Illegal meth laboratories can be set up wherever activities may be hidden from view, often in locations that are especially dangerous to children, such as sleeping areas, eating areas where food is also stored and prepared, and garages. These makeshift labs and their dangerous components for instance, chemical containers and electrical wiring have been discovered in vehicles of all types, hotel and motel rooms, storage lockers and units, mobile homes and surrounding areas, apartments, ranches, houses, campgrounds, rural and urban rental properties with absentee landlords, abandoned dumps, restrooms, houseboats, and other locations. Meth can be produced in as few as 6 to 8 hours using apparatus and cookware that can be dismantled rapidly and stored or relocated to avoid detection.

Meth production and trafficking were originally concentrated in the West and Southwest, particularly in California, Arizona, Utah, and Texas. Suppliers were outlaw motorcycle gangs and independent trafficking groups. Although California produces 85 percent of the Nation’s methamphetamine, the expansion of Mexico-based meth traffickers and independent U.S.-based laboratories has increased meth availability and abuse in the Pacific Northwest, Midwest, portions of the Southeast including Georgia, Tennessee, and the surrounding states, and, more recently, the Mid-Atlantic states and New England. Increasingly, local entrepreneurs are producing smaller amounts of meth in less complex laboratories using homemade or Internet recipes of dubious origin.

A child living at a clandestine methamphetamine laboratory is exposed to immediate dangers and to the ongoing effects of chemical contamination. In addition, the child may be subjected to fires and explosions, abuse and neglect, a hazardous lifestyle as well as the presence of firearms, social problems, and other risks.

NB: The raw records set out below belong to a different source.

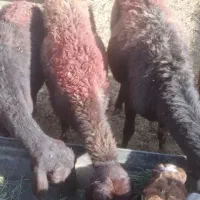 میش ۴ راس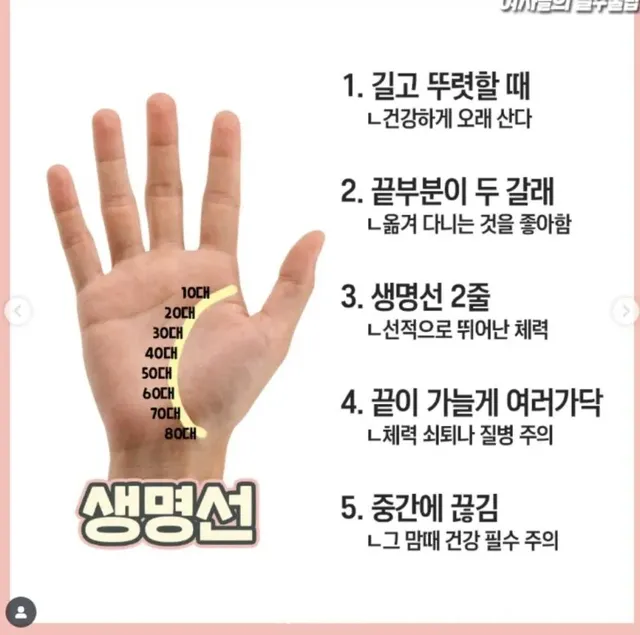 재미로 보는 손금 보는 방법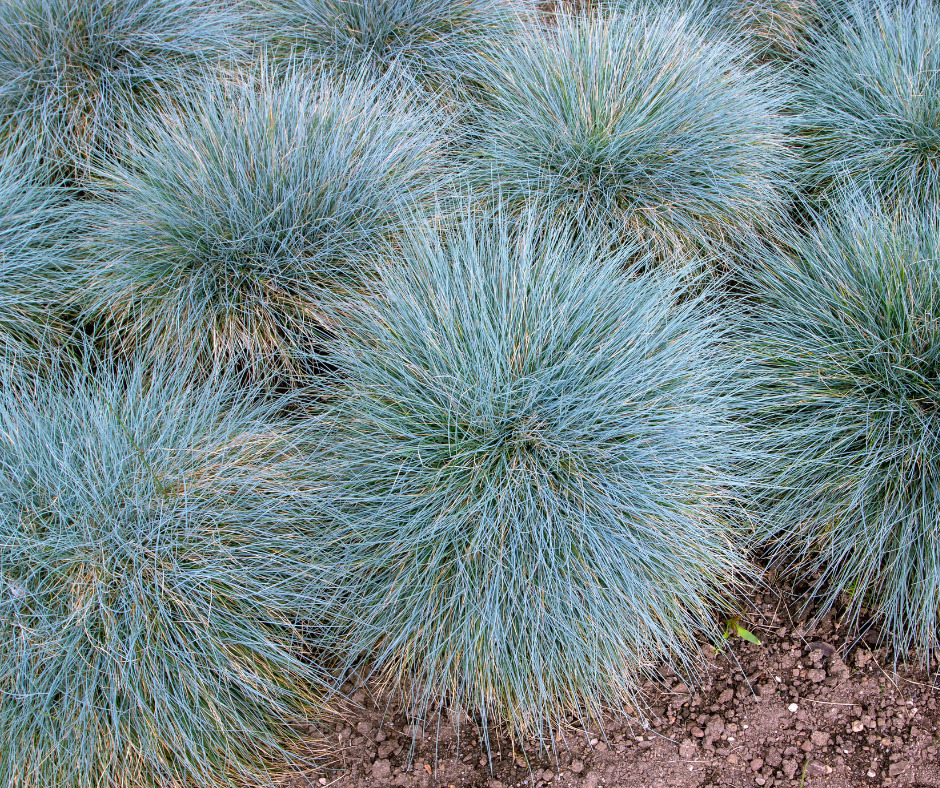 Fetuque bleue ATELIER MORLIERE Conception de jardin à Rennes en ILLE-ET-VILAINE (35) L'été est arrivé avec son soleil éclatant, mais cela ne signifie pas que vous devez sacrifier la beauté de votre jardin. Au contraire, c'est le moment idéal pour choisir des plantes résistantes au climat chaud et créer un jardin éblouissant. Dans cet article, je vous présente mes cultivars préférés et mes astuces d'entretien pour un jardin qui rayonne même sous un soleil brûlant.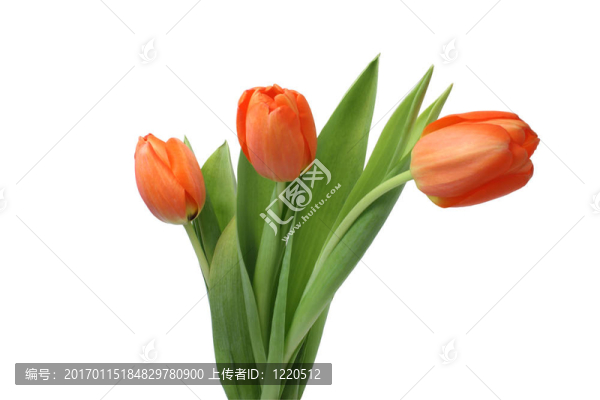 三紅色郁金香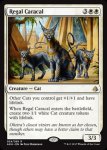 画像2: 威厳あるカラカル/Regal Caracal　 (2)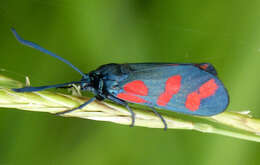 Image of six-spot burnet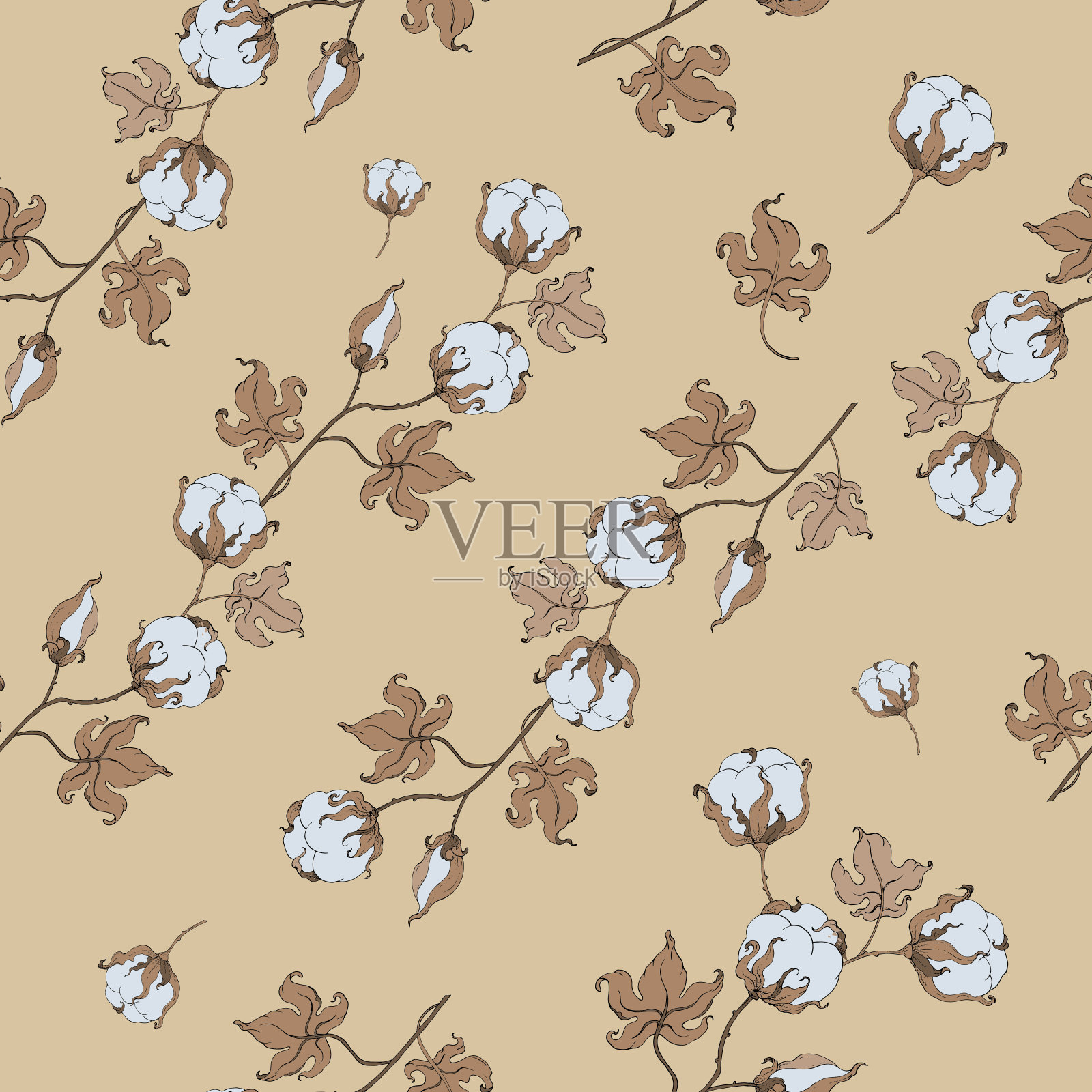 无缝的模式植物。米色背景上的棉花花。手绘illustration.vector。插画图片素材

The chemicals used to cook meth and the toxic compounds and byproducts resulting from its manufacture produce toxic fumes, vapors, and spills. A child living at a meth lab may inhale or swallow toxic substances or inhale the secondhand smoke of adults who are using meth; receive an injection or an accidental skin prick from discarded needles or other drug paraphernalia; absorb methamphetamine and other toxic substances through the skin following contact with contaminated surfaces, clothing, or food; or become ill after directly ingesting chemicals or an intermediate product. Exposure to low levels of some meth ingredients may produce headache, nausea, dizziness, and fatigue; exposure to high levels can produce shortness of breath, coughing, chest pain, dizziness, lack of coordination, eye and tissue irritation, chemical burns to the skin, eyes, mouth, and nose, and even death.

Corrosive substances may cause injury through inhalation or contact with the skin. Solvents can irritate the skin, mucous membranes, and respiratory tract and affect the central nervous system. Chronic exposure to the chemicals typically used in meth manufacture may cause cancer; damage the brain, liver, kidney, spleen, and immunologic system; and result in birth defects. Normal cleaning will not remove methamphetamine and some of the chemicals used to produce it. They may remain on eating and cooking utensils, floors, countertops, and absorbent materials. Toxic byproducts of meth manufacturing are often improperly disposed outdoors, endangering children and others who live, eat, play, or walk at or near the site.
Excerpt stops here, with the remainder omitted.